In simple terms, STP is the removal of manual processes in the
trade-processing cycle, including paper and disparate data systems,
creating an unbroken electronic stream of information from the
broker/dealer to the clearinghouse. At present, much of the trades
process still relies on fax or telephone.
STP includes messaging standards, translation middleware and
electronic connectivity among investment managers, broker/dealers,
custodian banks and clearing companies. One confusing aspect of STP
is its association with T+1, or trade plus one day. T+1 refers to
reducing the trade settlement cycle from the current standard of
three days to one, and it is dependent on STP's electronic
efficiencies.
The Securities Industry Association (SIA), an US financial
industry group, has lead the charge toward STP and T+1. But the 11
September terrorist attacks in 2001 and the economic downturn
squelched the SIA's effort to move to T+1 by 2005, as attention and
budgets turned toward more critical needs such as disaster
recovery, business continuity and regulatory compliance. The SIA
stated in July that it will focus on promoting STP by 2004, with no
deadline for T+1.
The real incentive to move to STP, the SIA argues, is the return
on investment, which could be considerable for many companies.

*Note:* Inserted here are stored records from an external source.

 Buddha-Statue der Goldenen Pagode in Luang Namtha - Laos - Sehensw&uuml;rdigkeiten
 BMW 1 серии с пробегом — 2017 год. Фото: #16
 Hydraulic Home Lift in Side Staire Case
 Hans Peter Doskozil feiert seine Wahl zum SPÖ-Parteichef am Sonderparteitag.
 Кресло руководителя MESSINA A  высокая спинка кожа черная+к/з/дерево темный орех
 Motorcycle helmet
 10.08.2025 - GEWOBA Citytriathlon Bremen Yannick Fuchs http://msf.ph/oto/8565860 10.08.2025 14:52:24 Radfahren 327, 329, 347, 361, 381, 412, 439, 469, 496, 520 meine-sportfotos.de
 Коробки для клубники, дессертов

For example, Northern Trust in Chicago went live in August with
an e-mail alert system that replaced a labour-intensive fax process
for notifying investment managers of corporate actions such as
mergers, acquisitions and name changes. The homegrown technology,
called Corporate Action Delivery and Response system, took a year
to develop and cost just under $10m. It has reduced the number of
employees required for data input by up to 70% and improved
productivity by 50% to 60%t, says Teresa Parker, who is responsible
for securities and banking operations worldwide at Northern
Trust.
The web-based e-mail system runs off a Sun Solaris server, while
production data, including accounting programs, runs off IBM
iSeries and zSeries mainframes. The e-mail application is a
proprietary program based on Java. It's used for sending
securities-related data to fund managers, who are online using
either the Society for Worldwide Interbank Financial
Telecommunications (SWIFT) industry messaging standard or
Northern's web-based product.
"Before, it took 10 people to process 1,000 trades a day, and
now it takes four people," says Parker. But there is risk involved
in moving to an all-electronic process. "If you get a trade wrong,
the most you're going to pay for is the lost interest on the trade.

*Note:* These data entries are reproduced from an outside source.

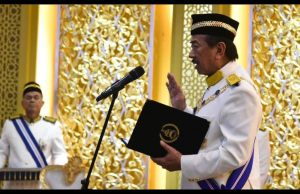 Tun Musa Aman Lafaz Sumpah Yang Dipertua Negeri Sabah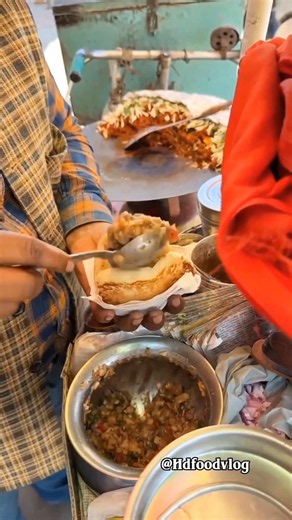 Tava Fry Chole Burger Bilkul Unique Style Me! 😋 #streetfood #foodvlog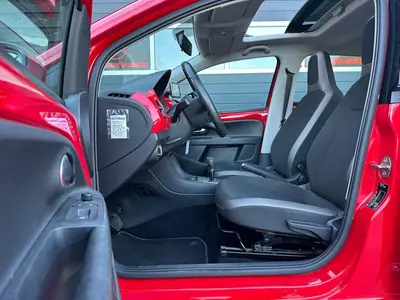 Volkswagen up! - Thumbnail 11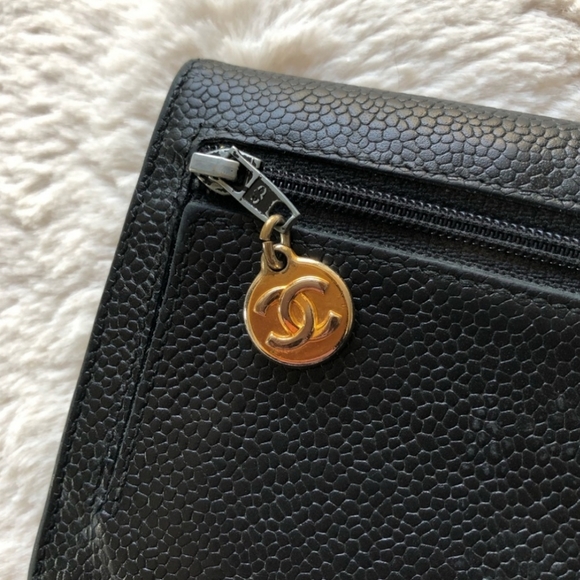 Chanel CC Black Caviar Leather wallet/crossbody-chain is optional, but included. - Picture 7 of 14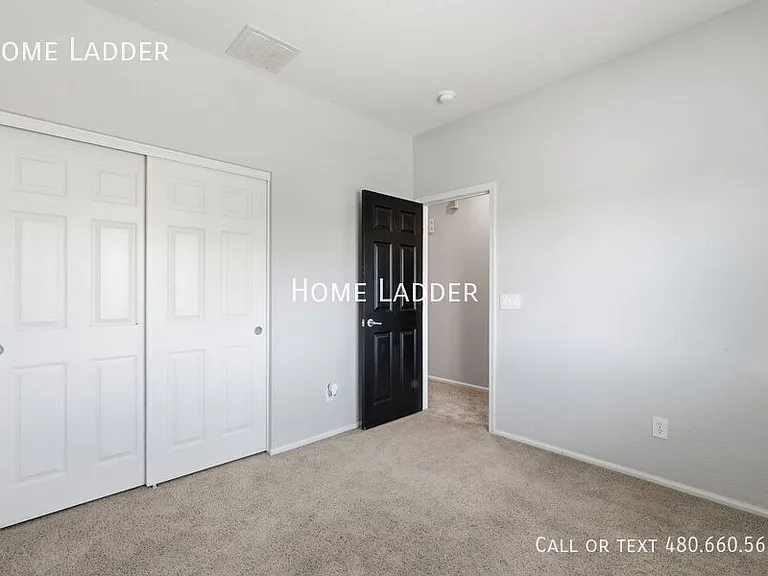 18428 N Jameson Dr — Photo 22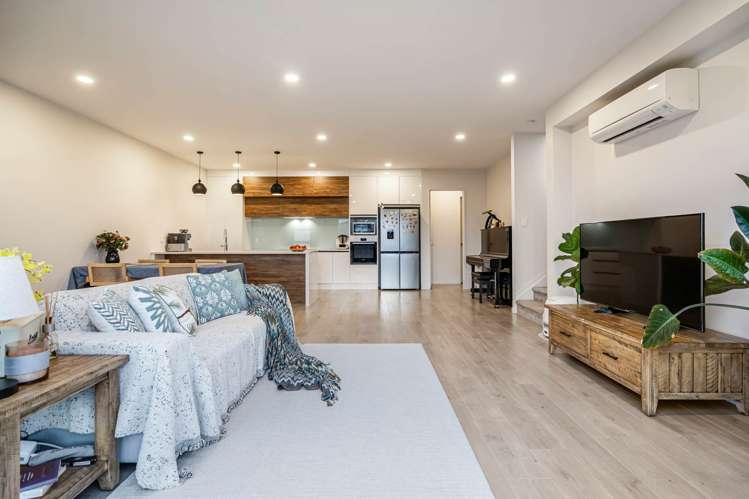 8 Arran Point Parade Millwater_7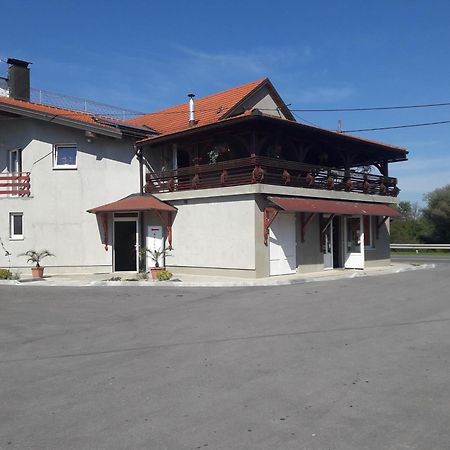 Guesthouse Kod Mosta Карловац Екстериор снимка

If you get a corporate action wrong, you might have to sell a
security you got by mistake. That could be 17 cents, or it could be
millions of dollars," she says.
IT managers say that the benefits of STP outweigh the risks. A
move to an all-electronic flow of information allows managers and
broker/dealers to see a stock price first and react to it, which
can translate into increased profitability and improved customer
service, according to Larry Tabb, an analyst at research specialist
TowerGroup.
Electronic systems also require fewer salespeople, who are
normally busy writing down orders and having staff keypunch
information into back-end systems. STP also helps remove errors
from orders that in a manual process can be entered at any point as
orders move internally and externally from a fund manager or retail
broker to a custodian bank and a clearing house.

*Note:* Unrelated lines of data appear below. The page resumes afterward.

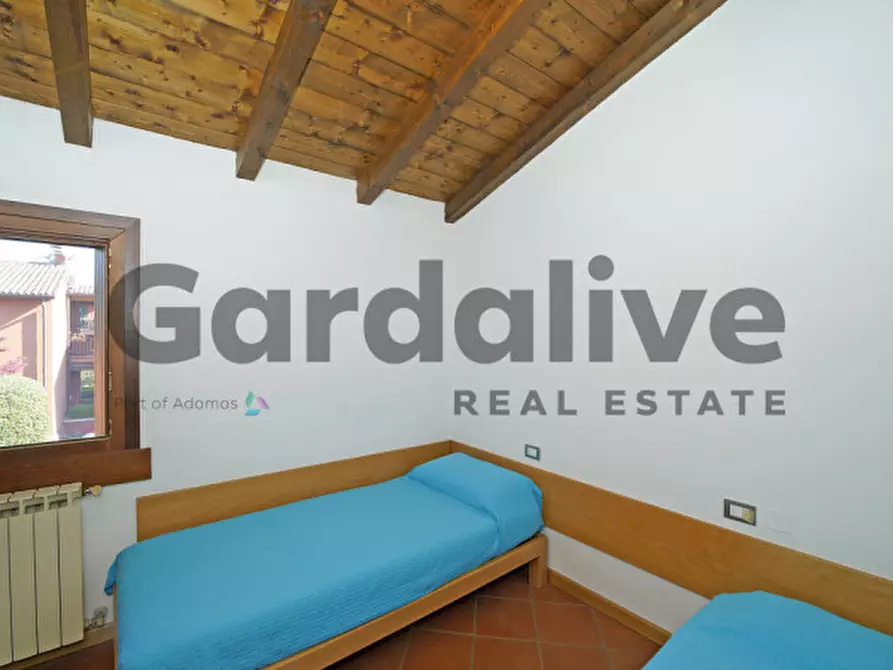 Immagine 11 di Appartamento in vendita  in Via X giornate 148 a Soiano Del Lago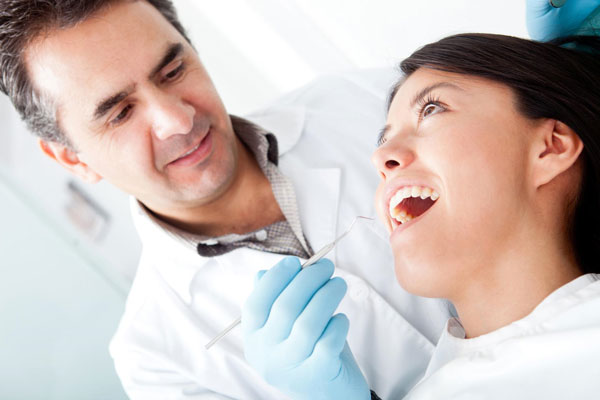 Read more about the article Laser Dentistry: Is It the Right Treatment Option for You?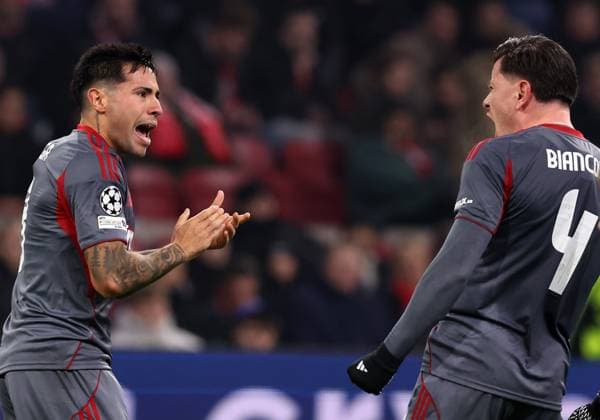 Francis Ortega of Olympiakos Piraeus celebrates after winning the game with Giulian Biancone of Olympiakos Piraeus during the match AFC Ajax Amsterdam vs Olympiacos Piraues at the Johan Cruijff ArenA for the UEFA Champions League season 2025-2026 in AMSTERDAM, Netherlands on 28 january 2026 (Photo by Peter Lous EYE4IMAGES) -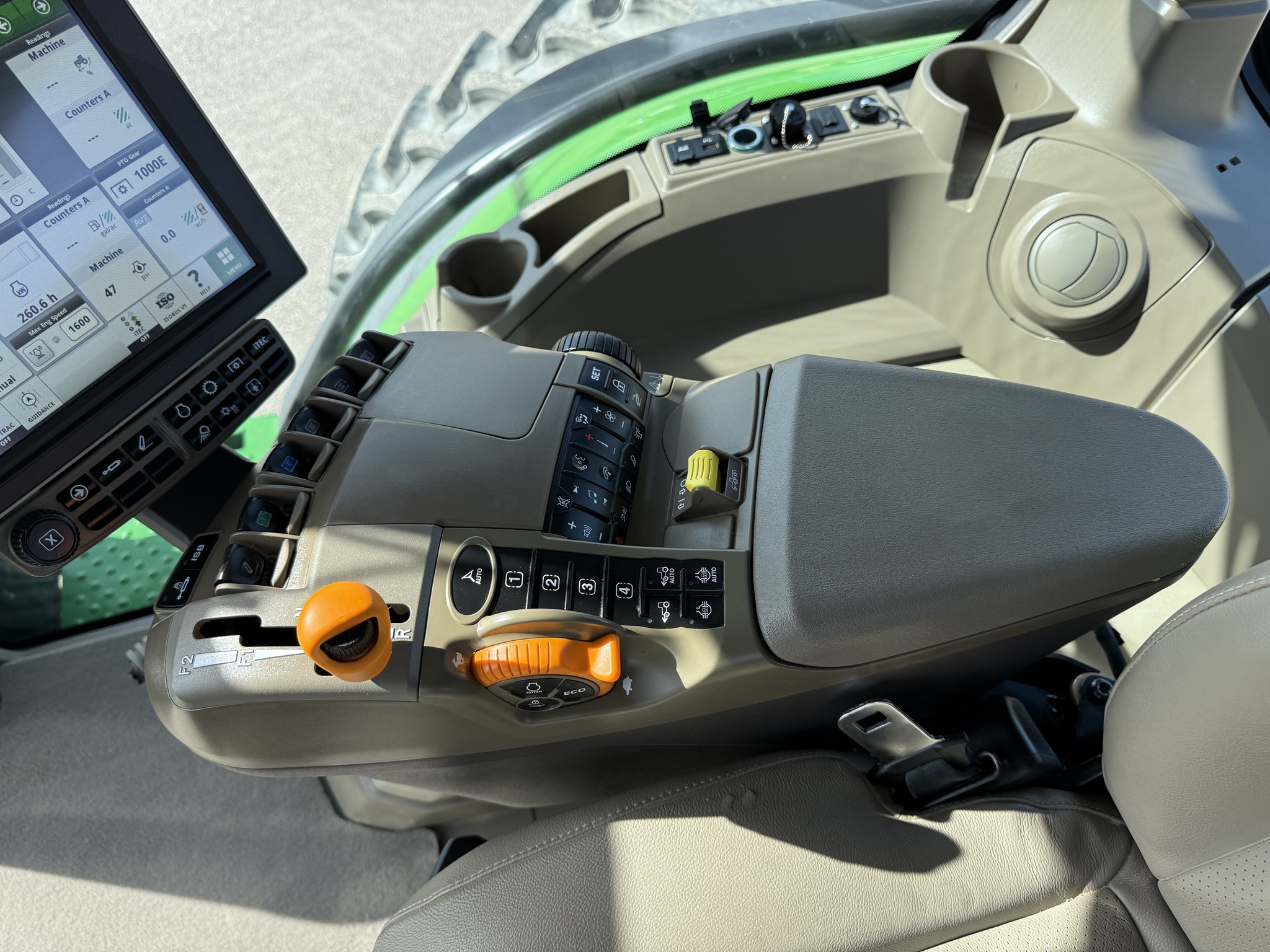 2023 John Deere 8R 230 Image 13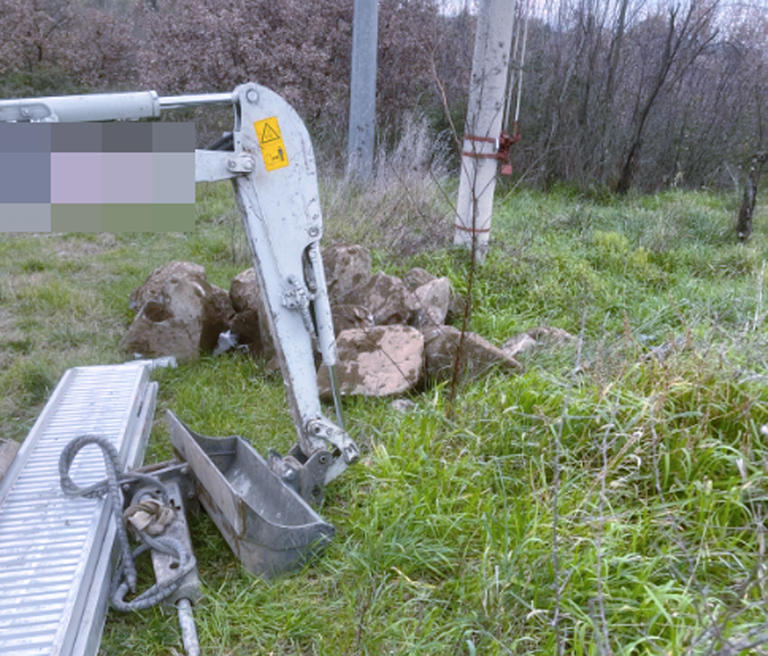 Basolato romano divelto per la fibra ottica: la denuncia dello scempio su un tratto della Francigena del Lazio (FOTO)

Integrating internal systems
Because banks work with multiple brokerages to authorise the
release of funds that are used to cover securities trades, the
manual approval processes used today can take several days to clear
even one trade.
"Firms use multiple systems, and not all of them are linked
together. The issues have to do with linking all the systems
together so transactions flow from one to another with no one
handling it. There are snafus everywhere along the line," says
Tabb.
Internal message standards for cash reporting, bulk payments,
investment funds, securities pretrade processes and
customer-to-bank credit transfers are virtually nonexistent, say
analysts.
Applications and messaging systems within securities firms and
banks weren't created with consistent architectures, so middleware
is needed to send data from one message format, such as the
Financial Information Exchange (FIX) protocol, to back-end systems
that may use proprietary formats.
Generally, high-value customers - those who trade more than
$100,000 a day - call brokers or sales representatives on a trading
desk to check their account balances, stock holdings and what
excess cash they might have to invest. Sales representatives then
write up order tickets by hand and fax them to an operations
department, where someone else keys in the order into back-office
systems. Those orders then have to be reconciled between the front
and back office to make sure all the tickets were received without
any missed trades.
Virtual matching utilities
One key issue for all companies participating in securities
trading is connectivity to nascent VMUs, such as Boston-based Omgeo
LLC and the Zurich-based Global Straight-Through Processing
Association. Matching in post-trade message instructions at one
centralised datacentre creates an unbroken flow of electronic data
between financial services firms.
Matching utilities are basically trading traffic managers. They
use large servers or mainframes and common messaging formats based
on XML to allow broker/dealers and investment managers to
communicate with one another and assemble the many pieces of data
required for a trade to be confirmed before being sent on for
settlement by a custodian bank.
Royal London Asset Management has been integrating back-office
systems for about a year and plugged into Omgeo's Central Trade
Manager (CTM) VMU about three months ago. Before that, the
London-based bank was taking an average of 20 hours to get
confirmation of a trade, according to Julian Baines, Royal London's
investment servicing manager, who oversaw the deployment of Omgeo's
technology at his company. The same process now takes three hours,
he says.
Also, prior to using Omgeo, Royal London's fund managers input
data onto databases that were transferred daily in batch mode to a
back-office system, where the trades were physically examined by
clerks on the company's settlement team. Those clerks in turn
printed an electronic confirmation and used that to discover
exceptions or mistakes.
"Fifty percent of those orders were failing on poor allocation
data, poor information to brokers or vice versa," says Baines, who
adds that errors were virtually eliminated with the new electronic
messaging system. Royal London uses an application programming
interface gateway device on an existing Windows NT server that
translates code from its Thomson Financial's Icon investment
management, valuation and accounting system into Omgeo's CTM.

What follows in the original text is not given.